Start of Task input
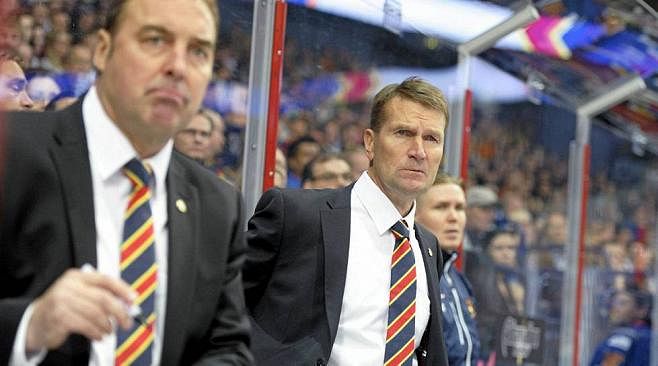 Erkka Westerlund ja Hannu Virta (vas.) johdattavat Jokerit Dinamo Minskin kimppuun.
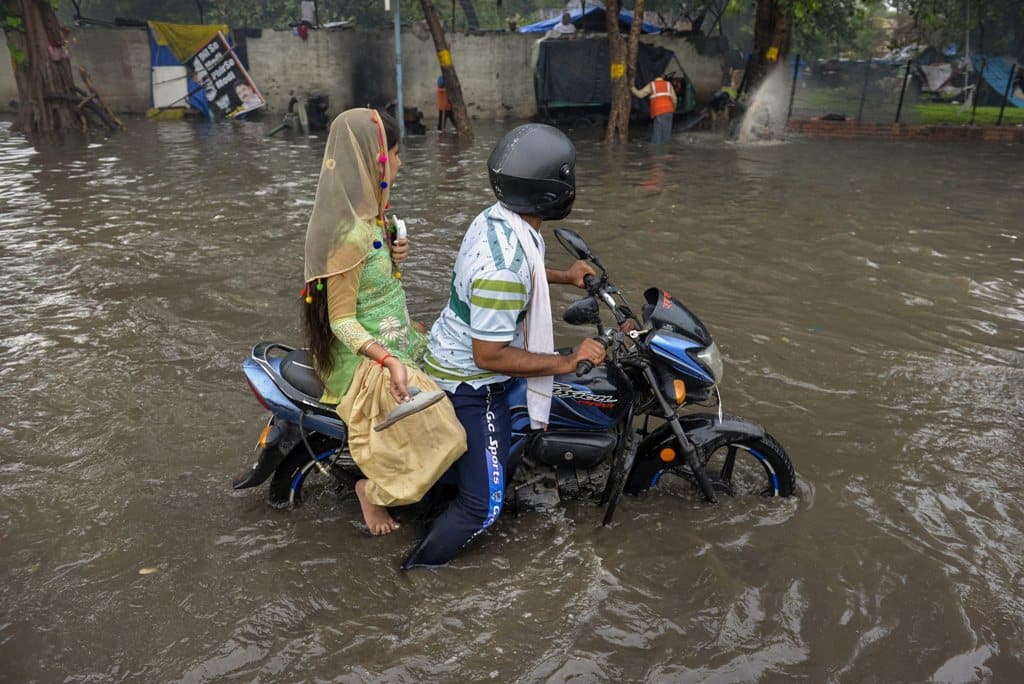 After Kerala, heavy rains decelerate Northern India; M.P and Rajasthan face troubles After Kerala, heavy rains decelerate Northern India; M.P and Rajasthan face troubles After Kerala, heavy rains decelerate Northern India; M.P and Rajasthan face troubles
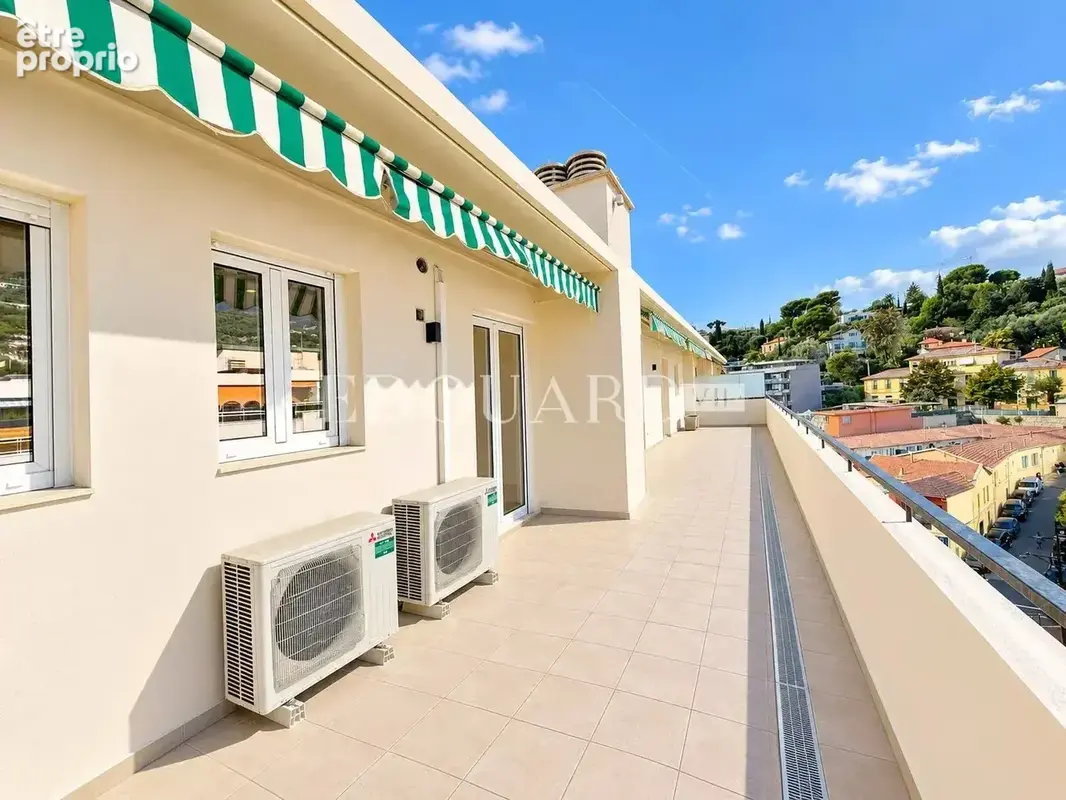 Somptueux quatre pièces à vendre avec belle vue sur la ville et la mer, en plein centre de Roquebrune Cap Martin - photo 24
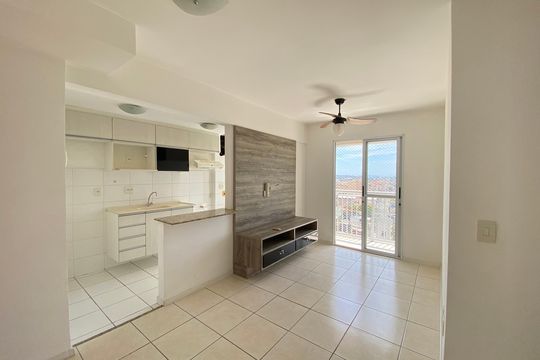 Sala de apartamento para alugar com 2 quartos, 65m² em Del Castilho, Rio de Janeiro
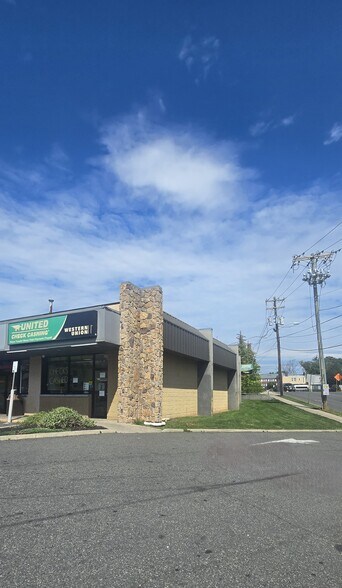 555 E 1st Ave, Roselle, NJ à louer - Photo de l’immeuble – Image 1 sur 8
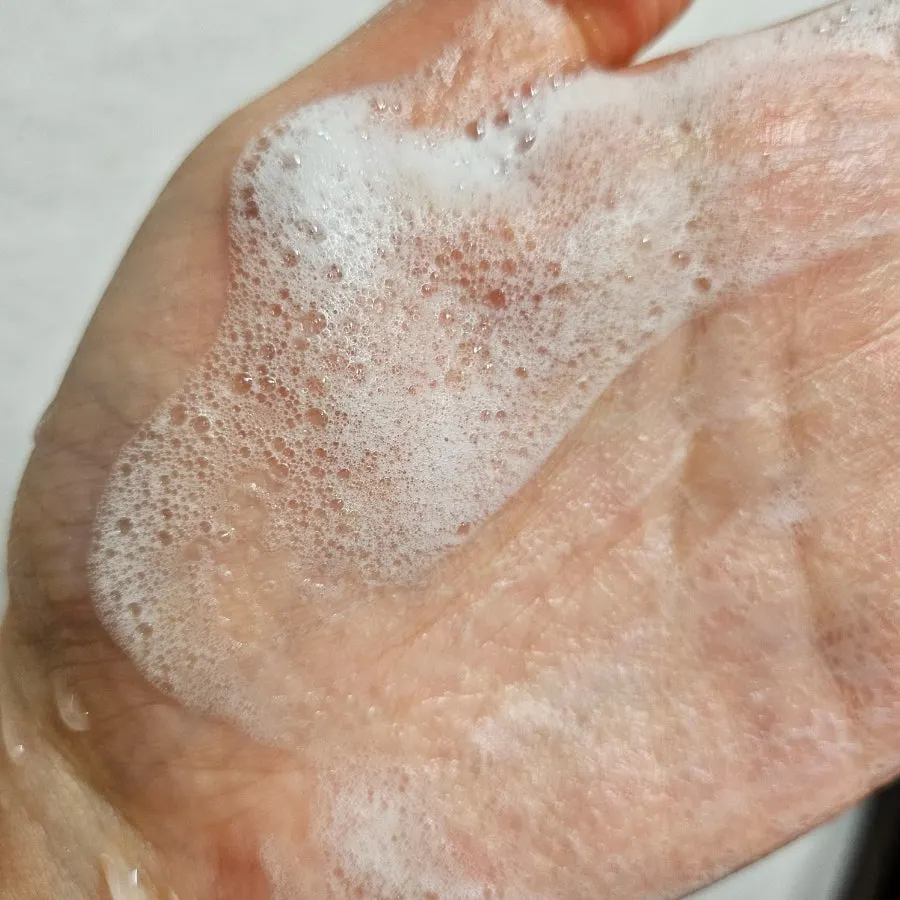 Low-pH cleansing foam for sensitive skin: HEEDA Charcoal Foam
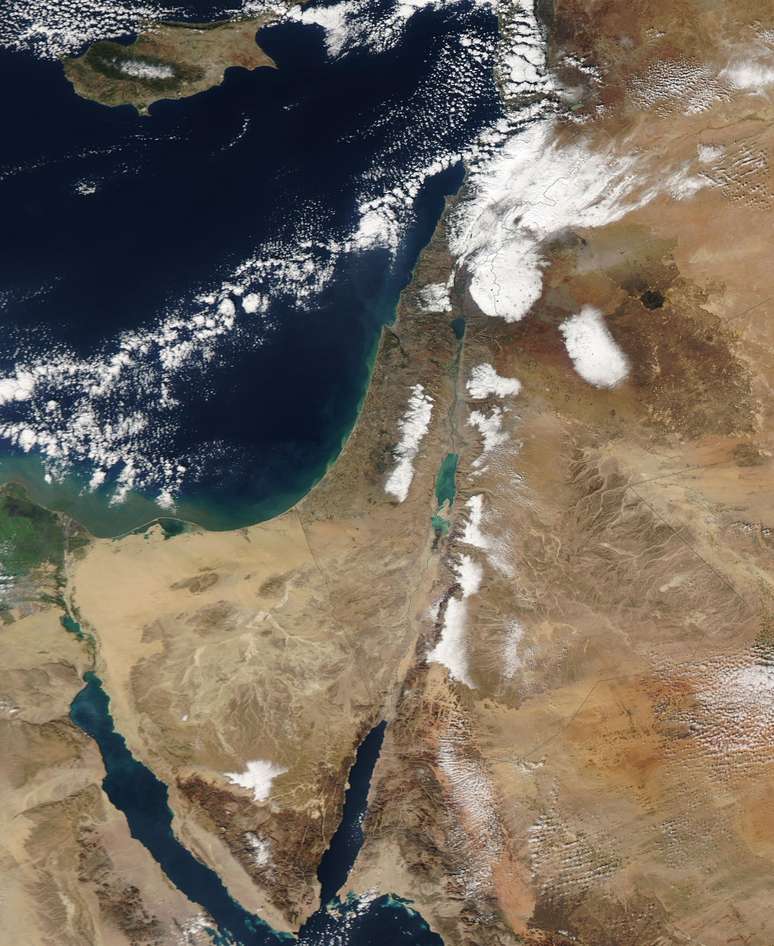 Uma nevasca de rara intensidade cobriu de branco Jerusalém e parte da Cisjordânia foi registrada do espaço por uma sonda da Nasa em meados de dezembro. A imagem foi capturada no dia 15, depois que os céus ficaram mais claros sobre a região. A neve que tingiu a paisagem da Terra Santa de branco deve cair com menos intensidade até a chegada do inverno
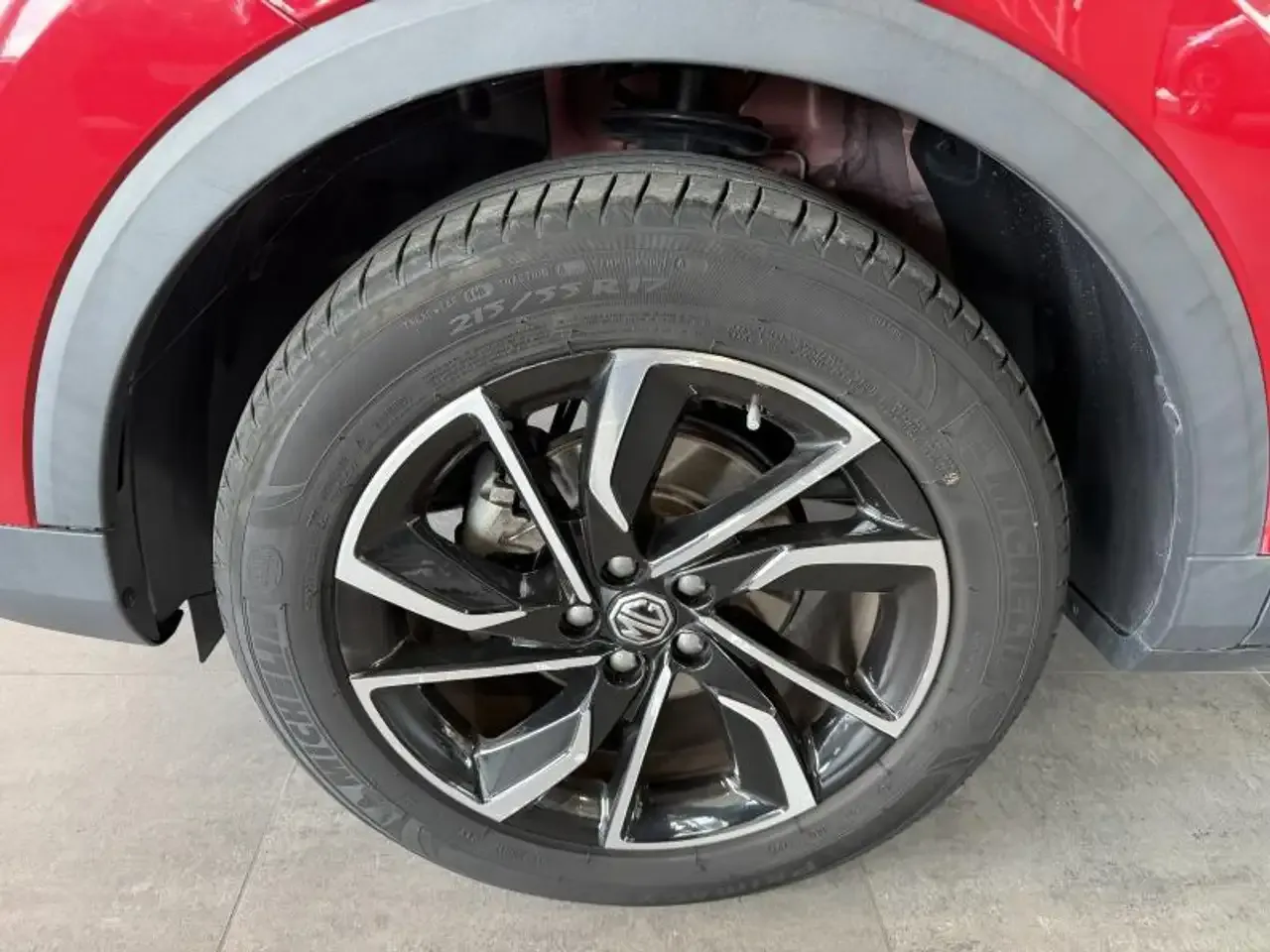 MG ZS - 9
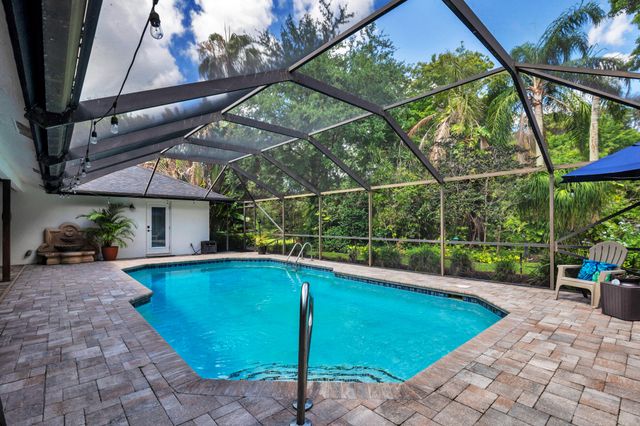 13739 Ishnala Circle, Wellington, FL 33414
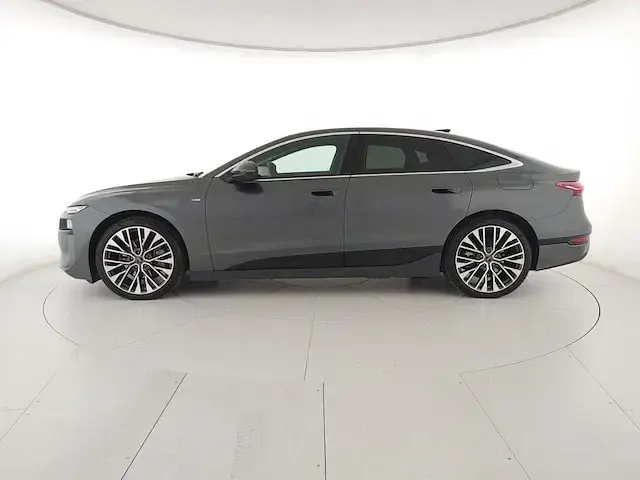 Usata Audi A6 e-tron S-Line 210 kW (286 CV) 2025 Grigio daytona perla Berlina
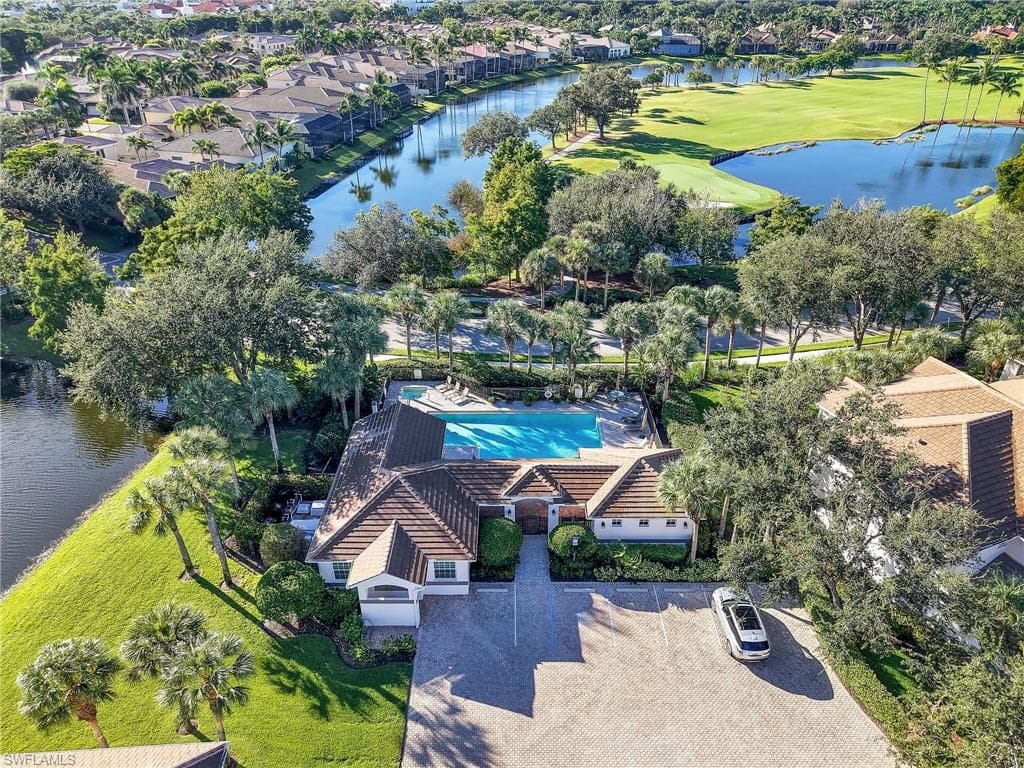 2375 Mont Claire DR # D202, NAPLES FL 34109-33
End of Task input
▶ **About this task**
Reproduce every record above exactly as given, excluding pictures from the result.

▶ **Task result**
 Erkka Westerlund ja Hannu Virta (vas.) johdattavat Jokerit Dinamo Minskin kimppuun.
 After Kerala, heavy rains decelerate Northern India; M.P and Rajasthan face troubles After Kerala, heavy rains decelerate Northern India; M.P and Rajasthan face troubles After Kerala, heavy rains decelerate Northern India; M.P and Rajasthan face troubles
 Somptueux quatre pièces à vendre avec belle vue sur la ville et la mer, en plein centre de Roquebrune Cap Martin - photo 24
 Sala de apartamento para alugar com 2 quartos, 65m² em Del Castilho, Rio de Janeiro
 555 E 1st Ave, Roselle, NJ à louer - Photo de l’immeuble – Image 1 sur 8
 Low-pH cleansing foam for sensitive skin: HEEDA Charcoal Foam
 Uma nevasca de rara intensidade cobriu de branco Jerusalém e parte da Cisjordânia foi registrada do espaço por uma sonda da Nasa em meados de dezembro. A imagem foi capturada no dia 15, depois que os céus ficaram mais claros sobre a região. A neve que tingiu a paisagem da Terra Santa de branco deve cair com menos intensidade até a chegada do inverno
 MG ZS - 9
 13739 Ishnala Circle, Wellington, FL 33414
 Usata Audi A6 e-tron S-Line 210 kW (286 CV) 2025 Grigio daytona perla Berlina
 2375 Mont Claire DR # D202, NAPLES FL 34109-33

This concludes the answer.